Türkiye yaşlanan bir ülke. Şu anda genç bir nüfusumuz var, ama 20-30 yıl sonra farklı bir nüfus yapısına sahip olacağız ve sağlık masrafları ciddi anlamda artacak. Şu anda bile Sosyal Güvenlik Kurumu (SGK) ülkenin giderlerini karşılamakta zorlanıyor ve ciddi anlamda açık veriyor. Belki ileride sağlık hizmetlerine ulaşmak hem daha zor olacak hem daha maliyetli olacak. Belki şu an aylık 10 bin lira bize yetiyor gibi görünebilir, fakat ileride ciddi bir sağlık sorunu olduğunda eğer devlet de bunu karşılamazsa belki birikiminiz yetmeyebilir.

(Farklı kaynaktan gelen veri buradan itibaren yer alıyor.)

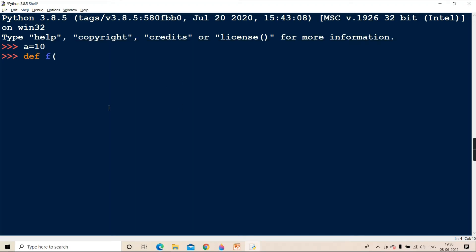To this function I am passing one variable 'a'. Though you are passing a variable with the same name as the global, the global variable is 'a' and the parameter you are passing also has the name 'a'. Still, this 'a' and this 'a' are different. This 'a' is global and this 'a' is local. Whatever parameters you pass, they are also considered as local variables only, and their scope is restricted to that function.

Böyle sıkıntılarla da ilerleyen yaşlarda maalesef karşılaşma durumumuz var.
Bu yazımızda sizlere finansal özgürlüğe ulaşmak için ne kadar birikime sahip olmamız gerektiği hakkında bilgiler paylaştık. Tabi şunda yanlış anlaşılmak istemeyiz, finansal özgürlük iyidir fakat çalışmak daha iyidir. Finansal bağımsız olmamız demek çalışmayı kesmemiz anlamına gelmiyor, tam tersine daha özgürce kendi yeteneklerimizi daha ön plana koyarak ve finansal kaygılardan uzak bir şekilde üretmemize imkan sağladığı için çalışmayı çok değerli buluyoruz.